▶ _Exercise objective_: Everything in the listing should be copied exactly, save for the pictures.

▶ _Data extract_:
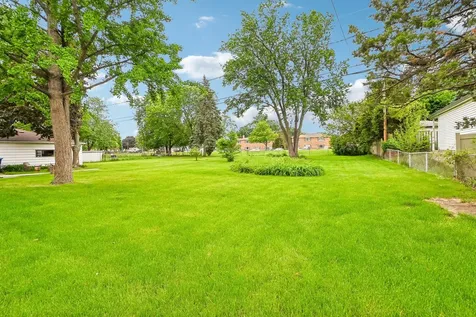 5733 Rose Court Berkeley IL 60163
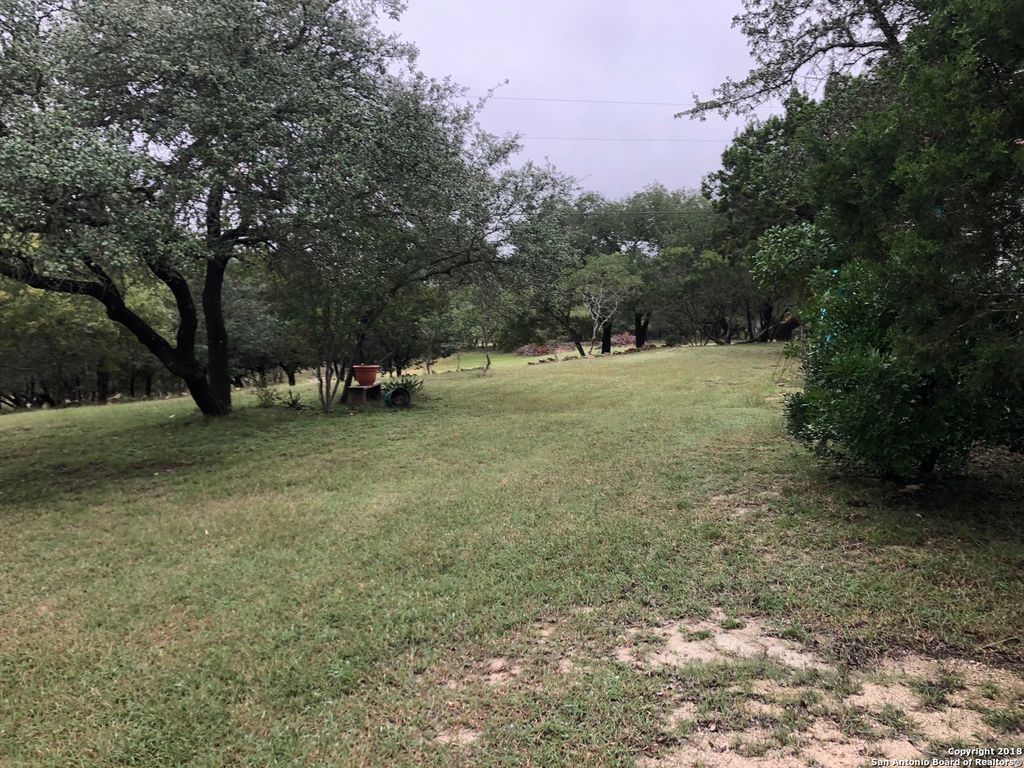 Photo of 403 LOS INDIOS RD, Boerne, TX 78006 (MLS # 1945224)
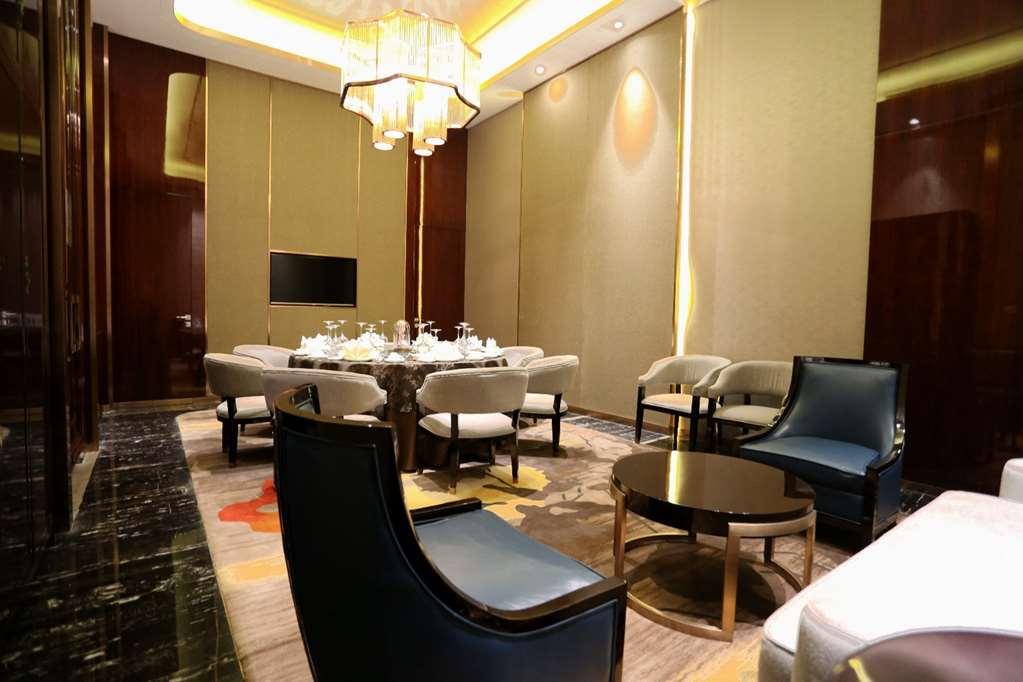 Grand Skylight International Hotel Пекін Ресторан фото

▶ _Exercise response_:
 5733 Rose Court Berkeley IL 60163
 Photo of 403 LOS INDIOS RD, Boerne, TX 78006 (MLS # 1945224)
 Grand Skylight International Hotel Пекін Ресторан фото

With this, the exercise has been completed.